Róźewicz transportou, na peça, todos os personagens do conto de Kafka para os anos 1960. No início, tudo parece estar lá: o artista da fome, o empresário, os locais que duvidam da autenticidade do espetáculo, os guardas que devem impedir que o homem coma, o limite de quarenta dias para o jejum, a perda do interesse do público.

Não existe, porém, o circo, e nem a figura da pantera- tão poderosa no conto. Ao invés disso existe um contraponto ainda maior, e que Kafka sequer poderia ter imaginado: quem se interessa em um homem que jejua por opção – por orgulho, sugere o empresário – em um mundo em que milhares de pessoas, países inteiros, morrem de fome, em um mundo que já viu Auschwitz e os Gulags?

Róźewicz aponta não para a dificuldade de comunicar-se, ou para a insuficiência da linguagem, mas para um ponto nevrálgico da sociedade do pós-guerra: o que é preciso para atrair ou chocar as pessoas, o que pode ofender a sensibilidade de seres humanos que já internalizaram fatos tão terríveis e catastróficos quanto os que aconteceram na Segunda Guerra Mundial (e pelo resto do século XX, em menor escala)?  Não é a falta de um modo para dizer as coisas, mas o anacronismo de qualquer coisa que venha a ser dita que perturba o autor.
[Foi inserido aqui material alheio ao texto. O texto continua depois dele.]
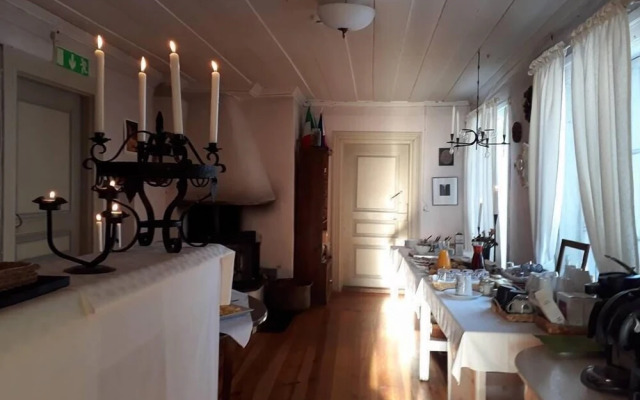 Frägsta Hälsingegård Bed & Breakfast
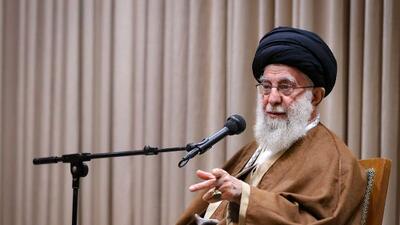 فیلم / رهبر انقلاب: فروهر قبل از انقلاب دوست ما بود، اول انقلاب همکار ما بود و بعد دشمن ما شد، دشمنی بی‌ضرر و بی‌خطر+ویدیو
Apesar de não ser listada entre as obras mais relevantes de Róźewicz, eu considero essa uma de suas melhores peças. O franco diálogo com Kafka é bastante rico, mas não é tudo: Róźewicz foi forçado a dar voz a personagens que eram mudas, foi forçado a criar poesia onde Kafka deixou silência. O resultado é ao mesmo tempo poético e terrível, pois se trata do mundo que nos restou.